Carta aberta aos assaltantes de rua de Quixadá







Senhores assaltantes,

Considerando que os senhores já roubaram tantos celulares modernos em nossas ruas, partimos do pressuposto de que terão acesso a esta mensagem via internet.
Nós nos dirigimos aos senhores porque fazê-lo ao Governador do Estado para que ele dê um jeito nos senhores não tem sido muito produtivo ultimamente. Como as doenças causadas pelo mosquito, os senhores tem se proliferado exponencialmente em nosso município. Não os cumprimentamos pelo êxito em suas atividades, dado que somos cidadãos de bem (entendam direito: de bem, não de bens), mas reconhecemos que vocês tem tido muito sucesso no que fazem.

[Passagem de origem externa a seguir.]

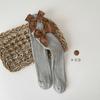 Calcetines de otoño para niños, nuevos, de algodón peinado, estilo princesa, con dibujos de muñecas, para bebé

Esta é, na verdade, para dizer aos senhores que, na impossibilidade de exterminarmo-nos mutuamente, e posto o fato de que os senhores precisam de nós para continuar roubando, é necessário, para equilíbrio de nossas relações, estabelecermos ao menos algumas regras básicas de convivência. E se propomos isto, é porque embora os vejamos como marginais, ainda acreditamos na humanidade dos senhores. Aliás, há tempos convivemos com criminosos muito mais perigosos em Brasília.

A primeira coisa que solicitamos a vocês, assaltantes das ruas de Quixadá, é uma abordagem mais razoável, menos violenta.

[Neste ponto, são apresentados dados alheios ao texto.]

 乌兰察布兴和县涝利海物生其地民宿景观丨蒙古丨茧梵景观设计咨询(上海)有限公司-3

Entendam que temos sonhos, famílias, projetos de vida, a maioria de nós tem empregos saudáveis, e não vamos arriscar nossas vidas por um celular, por uma bolsa, um relógio ou outra coisa qualquer que os senhores queiram nos tomar. Nisto, os senhores estão em vantagem quase que absoluta. Não há necessidade de nos agredir. Geralmente, a maioria de nós já se sente motivado a cooperar quando vê uma arma qualquer. Vocês não precisam nem aponta-las em nossa direção.

Outra coisa importante: sim, faremos um B.O na delegacia, porque, convenhamos, no fundo ainda acreditamos na recuperação de vocês e, não vamos negar, no calor da nossa convivência com os senhores, ainda desejamos vê-los presos pela polícia. Isto, porém, não justifica que os senhores tenham raiva de nós. Sempre se lembrem de que nós é que somos as vítimas, por favor.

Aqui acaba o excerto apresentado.